Monica opened her eyes and the kids were sitting, the girl in the boy's arms, sobbing. He reached up and wiped a tear from his own eye. The sun was in the linden. The shape of the world to come was obvious. The boy whispered something to the girl and pointed at Monica. She followed his finger and rose to her feet, tossing her little fists down at her sides like a toddler.
"Mind your own business, bitch," she yelled. The boy stood and shushed her and began to usher her back toward the apartment building. Monica noticed an old sedan parked under the awning and she squinted into the darker shadows there, where the night was cowering still. Maybe there was a man's head on the driver's side. Maybe. It was hard to tell. She had leaned half out the window to crane her neck and she felt a little breeze tease the collar of her t shirt. She looked down and the v-neck of it had opened and swung down revealing her right nipple. She tugged the collar back into place up and stood up back inside her window. She padded down the hallway to the bathroom to brush her teeth.
Afterwards she peed, ran a cup of water from the tap, pinched her pill from the little pill wheel and swallowed it. She could taste the river in the water.

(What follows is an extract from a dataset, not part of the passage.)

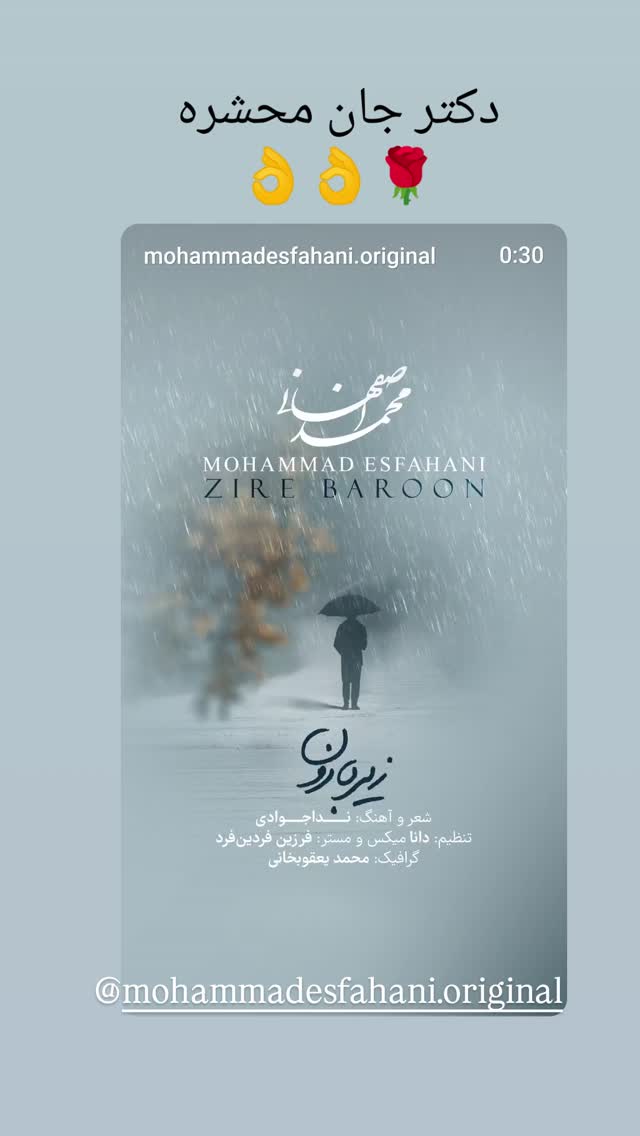  جدید ترین استوری اینستاگرام محمد اصفهانی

When she lay down, the end of night gave in—collapsing around her—and it was suddenly the real, open morning. She pulled the light cotton sheet over her, bright white and unscented of men or history. Clean. Slightly chloric. With a breath, rest came into her body and right before the blue corners of her room faded away to sleep and truer dreams she felt his shoulders in her shoulders and the pull of their weight tugging at her neck muscles. And then she felt it dissipate like sweat from her forearms after a jog, when the breeze is warm but dry.